There is 62.0% missing data on cities in the city table !


Well, it seems we are missing information on 62% of the citis in the immigration table.

#### 4.3 Data dictionary 
You can find here a brief description of what the data is and where it came from, and also a small explanation for each field.

##### Dimension table : temperature_table (comes from the World Temperature Data from Kaggle)
* temperature_id : primary key
* City 
* month
* AverageTemperature

##### Dimension table : city_table
* city_id : id which identifies uniquely a city (with the corresponding state), created by creating a hash of the city + State Code
* City
* State
* State Code
* Median Age
* Male Population
* Female Population
* Total Population
* Foreign-born
* Average Household Size

##### Fact table : immigration_table
* immigration_id : primary_key
* city_id : id which identifies uniquely a city (with the correspoding state)
* City : city, useful to join with the temperature table 
* Month
* year
* Nb_passenger : number of passengers
* Average_age : average age of the passengers

### Step 5: Project Write Up
### Rationale for the choice of tools and technologies for the project.

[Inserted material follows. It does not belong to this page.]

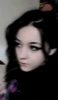 Profile picture of Haily and Noah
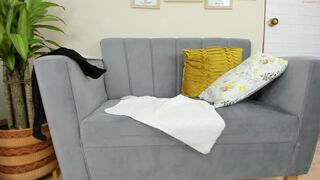 ashley_ruiz_ Video  893 Seconds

* For this project, we used Spark to analyze and aggregate the immigration data, because one month of is approximately 3 millions rows, so 12 months would have been 36 million rows. To work with this large amount of data, Spark is a good choice as it will work more efficiently than tools like pandas, which may have been ok for this analysis too, but may it should have needed more RAM and take more time to do the same job. I have also chosen a data model **datalake on s3**, for the following reasons  : no need to access the data quickly, as it will be used for static analysis only; the data are not big , so charging the files from s3 will be very fast and it is less expensive than other solutions such as Amazon Redshift or Postgres.

* How often the data should be updated : for this project, the data should be updated once a month, because we are doing analysis of immigration data by city and by month, so it will be logical to update it monthly.

* How I would approach the problem differently under the following scenarios:
 * The data was increased by 100x : in this case, we will be dealing with big data, so the solution would a NoSQL database, and consequently we will have to model the database according to the queries we want to run. 
 * The data populates a dashboard that must be updated on a daily basis by 7am every day : in this case, I will use a tool like Airflow which is great for automation and monitoring.
 * The database needed to be accessed by 100+ people : in this case, we may have consistency issues, so we'll have to use a relational databases like Postgres or Amazon Redshift to solve this issue.